В конце 20-х годов, когда великий писатель еще жил на Капри, вокруг него началась тонкая игра. Он стал получать из России бессчетное количество писем и телеграмм от частных лиц и общественных организаций, от литераторов, рабочих и пионеров — с призывами вернуться на родину. Поток призывов умело направлялся председателем ОГПУ Генрихом Ягодой[203] и постепенно достиг таких размеров, что Горький решился приехать в Россию. Несомненно, важную роль в принятии этого решения сыграла и грызущая его тоска по родине, а также искушение занять ведущее место среди русской культурной элиты. В дальнейшем, до 1933 года, он делил свое время между Москвой и Капри, куда возвращался из-за слабого здоровья. Он получил от государства великолепный дом в столице и две роскошные дачи: одну под Москвой, другую в Крыму.

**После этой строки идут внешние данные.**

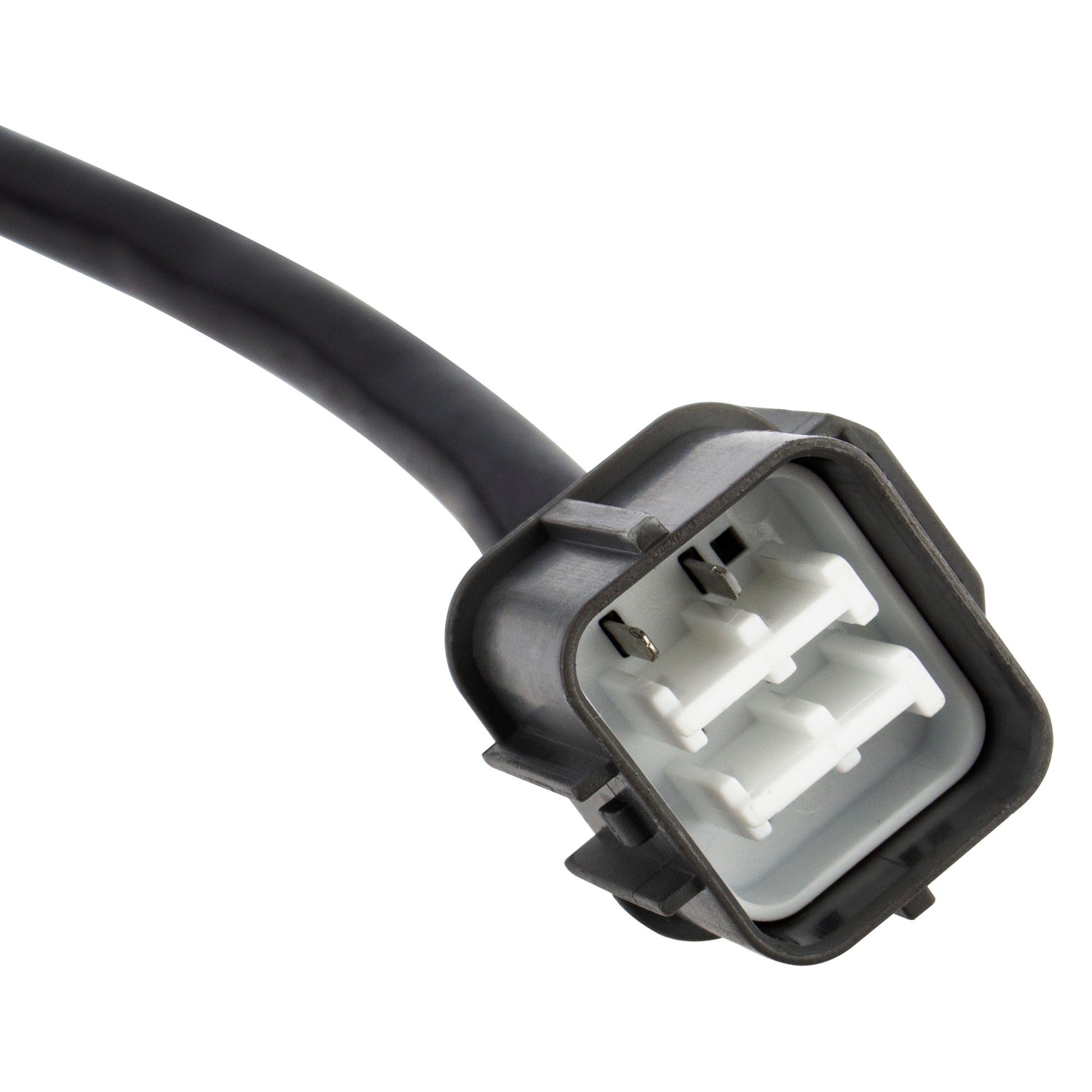 BOXI Front Right Passenger Side Power Window Regulator with Motor Fits for Subaru Forester 2009 — product photo 6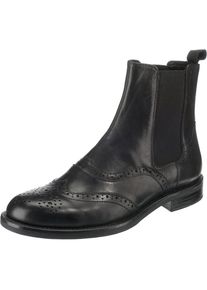 Vagabond SHOEMAKERS, Damen Chelsea Boots 'Amina', Schwarz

Горького действительно ждали. Его авторитет выдающегося художника, большого гуманиста, защитника угнетенных был очень велик. Однако официальное положение первого писателя России довольно быстро изменило образ его действий. Горький по-прежнему клеймил социальную несправедливость, голод, нужду и отсутствие правопорядка — но уже только на Западе. То, что происходило в его стране, он отныне лишь хвалил и поддерживал. Когда в ноябре 1930 года было сфабриковано обвинение против инженеров и техников в заговоре с целью свержения советской власти, писатель уже в первый день двухмесячного процесса публично осудил невинных людей. Через две недели «Правда» и «Известия» опубликовали его статью «Гуманистам», в которой он особенно резко нападал на «профессора Альберта Эйнштейна и господина Томаса Манна» за то, что они подписали протест немецкой Лиги защиты прав человека против «казни сорока восьми преступников, организаторов пищевого голода в Союзе Советов». Да, это был уже не тот Горький, который в 1918 году негодовал из-за произвола народных комиссаров, и не тот, который в 1922 году, навлекая на себя гнев Ленина, метал громы и молнии по поводу смертной казни, грозившей эсерам[204]. Теперь, в 1930 году, сорок восемь человек, ответственных за пищевую промышленность, были расстреляны, вероятно, вообще без суда, а Горький заявлял: «Неописуемая гнусность действий сорока восьми мне хорошо известна…»[205] В скором будущем он поддержит процесс против меньшевиков, особенно язвительно насмехаясь над одним из осужденных, своим прежним другом, историком и журналистом Николаем Сухановым. В письмах к друзьям на Западе, в статьях и публичных выступлениях он опровергал существование террора и лагерей принудительного труда, называл «пошленькой сказкой» мнение «о том, что в Союзе Советов единоличная диктатура»[206].